Previously, the only stories related to family breakups were that mothers would never leave their children with a stranger or an estranged spouse. Now that tradition doesn’t seem to apply to present-day trends.
Stella introduces the three former wives as they arrive, but initially they don’t know one another. It’s only when Tim arrives home that he is stunned to see them.
Why are they here? he wants to know. Quickly, Stella explains the situation and all three cozy up to Tim who is now a ‘Big Man’ in his own right. None of them take note when the three big kids show up.
The kids are startled to see their father surrounded by three middle-aged women, and are even more surprised when Stella once again takes charge of the scene and informs the kids that each one has a different mother. Previously, they had believed they all came from one mother. Now the genie is out of the bottle, and Stella connects each mom to her child.
Among the three, Arnold (Arnold Schiour), the first born is the son of Judy (Esther Kahuha) while Letisha’s mom is the second wife, Emily (Joy Mathenge), and Kababa (Fischer Maina), being the last born is the son of Zubeida (Zeitun Salat). It’s a glorious moment of reunion with nobody taking note that in all those years, none of the mothers stopped by to say hi to their child. It’s only Stella who mentions it in passing so it’s not a major qualm.
But the biggest stunner of all is when Mr. Kamaki arrives on the scene with his son to meet the family of Letisha. That’s when we learn that Kamaki is also a single father, just like Tim.
So twice over, we see that single dads are increasingly a trend, and no longer should people believe there is one kind of ‘proper family’.

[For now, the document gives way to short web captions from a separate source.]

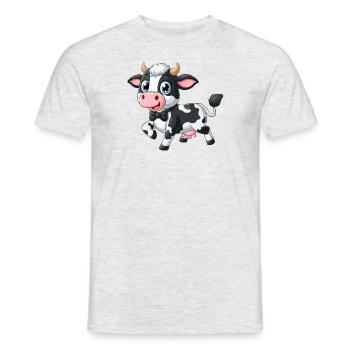 Cow happy - Men's T-Shirt - heather grey - Front - AI Model Male 178 dark (178cm)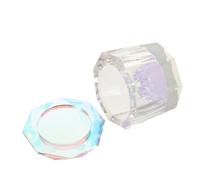 CTIRCHIU Nail Art Glass Liquid Holder with Crystal Lid Dappen Dish Cup for Brush Cleaning Acrylic Nail Powder Container for Manicure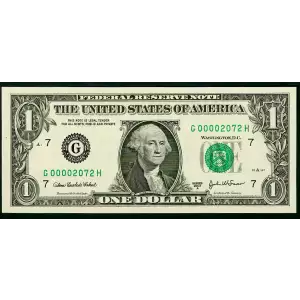 $1 2003-A. Green seal. Small Size $1 Federal Reserve Notes 1931-G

The one last surprise relates to the lad who has been hanging out in Tim’s house for years. He’s been treated like a family friend, but Hesbon (Gadson Gakenga) turns out to be Stella’s secret son. So, she too is a single mom, who admits at the end of the play that she could’ve gone for a job anywhere and not been just a humble house-help. But by staying where she did, she was able to raise her son well, and enable him to grow up in her own ‘proper’ family.